Why AI-based vulnerability detection isn’t as advanced as we thought…
Whether it’s an online banking app, a hospital’s patient portal, or the software in your own car, even the simplest everyday activity today depends on thousands of lines of code. A single undiscovered bug can create security vulnerabilities with potentially serious consequences, such as the theft of sensitive data or the failure of critical systems. To test such systems before deployment, large language models (LLMs) are now frequently used. A research team from BIFOLD has shown in a recent study that the enormous technical effort behind these LLMs does not always pay off. The publication “LLM-based Vulnerability Discovery through the Lens of Code Metrics” by Felix Weißberg, Lukas Pirch, Erik Imgrund, Jonas Möller, Dr. Thorsten Eisenhofer, and Prof. Dr. Konrad Rieck was recently presented at the 48th IEEE/ACM International Conference on Software Engineering (ICSE) 2026, one of the world’s leading conferences in software engineering.

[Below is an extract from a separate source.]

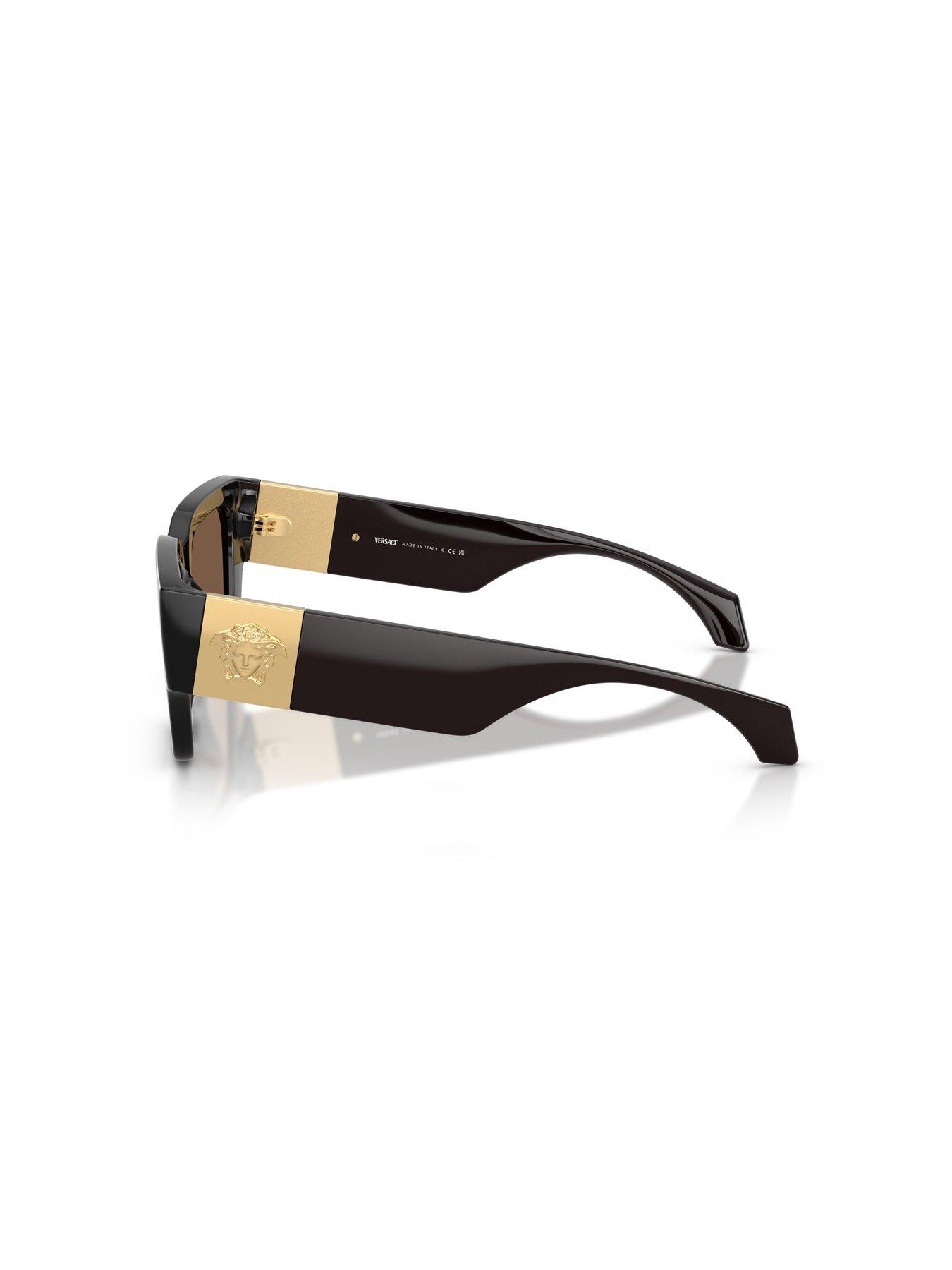 Image 2 of 5 of VERSACE 0Ve4497U Square Sunglasses - Black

Large language models are considered particularly powerful when it comes to generating, understanding, and especially analyzing code. Based on the assumption that greater complexity leads to better results in code analysis, research in recent years has focused on building ever larger and more complex models with increasing numbers of parameters. The BIFOLD team asks the opposite question in its paper: What added value do these large models provide compared to an analysis using simple so-called code metrics, which have been used since the 1970s? Code metrics are simple quantitative indicators that, for example, measure source code size in lines or characters. More advanced metrics attempt to assess how understandable the code is. “According to the principle that correlation does not equal causality, such metrics can only indicate a possible vulnerability, but they are no direct proof,” explains author Lukas Pirch. In contrast, LLMs are supposed to “understand” what a piece of code does.

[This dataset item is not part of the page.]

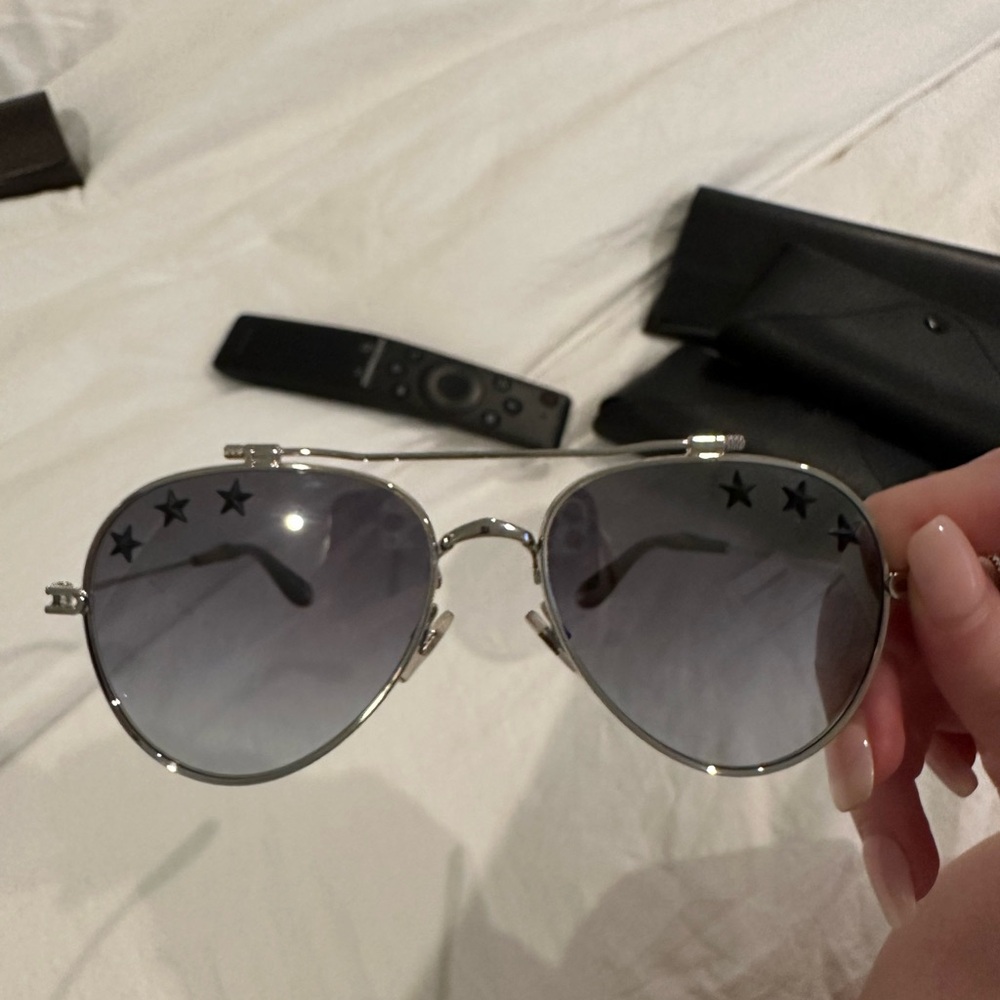 Givenchy Silver Aviator Sunglasses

The study’s key finding: A traditional detection system based on just 23 code metrics already achieves 98 percent of the detection rate of the best modern LLMs, while requiring only six percent of the parameters. Even a detection system relying on just a single metric still achieves more than 90 percent of the detection performance of a far more resource-intensive language model.
Good news for IT security
In a second step, the researchers investigated the cause of this surprising tie. Author Felix Weißberg explains: “Using statistical methods, we were able to show that all examined LLMs use code metrics or exhibit very similar patterns, and that their predictions are closely correlated with them. For some models, we were even able to demonstrate strong indicators of causality: the LLMs’ decisions were based, at least in part, on these simple patterns that have been known for decades.”

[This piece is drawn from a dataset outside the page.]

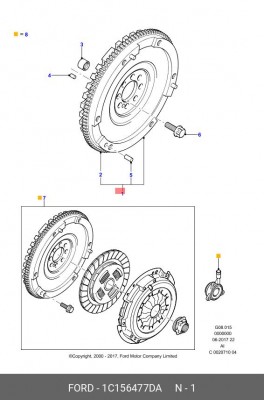 Маховик 1C15-6477-DA FORD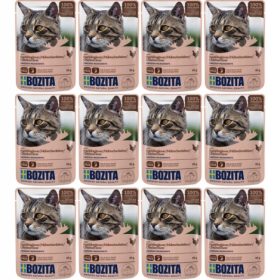   Bozita mokra hrana za mačke s piščancem v galaretki 12x85g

“We were surprised that the difference between the two approaches was so small under realistic conditions,” said Konrad Rieck, summarizing his team’s findings. “Our results show that recent progress in AI-based vulnerability detection is due less to the capabilities of the LLMs themselves than to the tools and environments in which they operate. This raises the question of whether the immense size of today’s models is even necessary for this task. For IT security, that is good news: We may be able to find and fix many software bugs using far fewer resources.”
Publication:
Felix Weißberg, Lukas Pirch, Erik Imgrund, Jonas Möller, Thorsten Eisenhofer, Konrad Rieck: LLM-based Vulnerability Discovery through the Lens of Code Metrics. Proceedings of the 48th IEEE/ACM International Conference on Software Engineering (ICSE), 2026.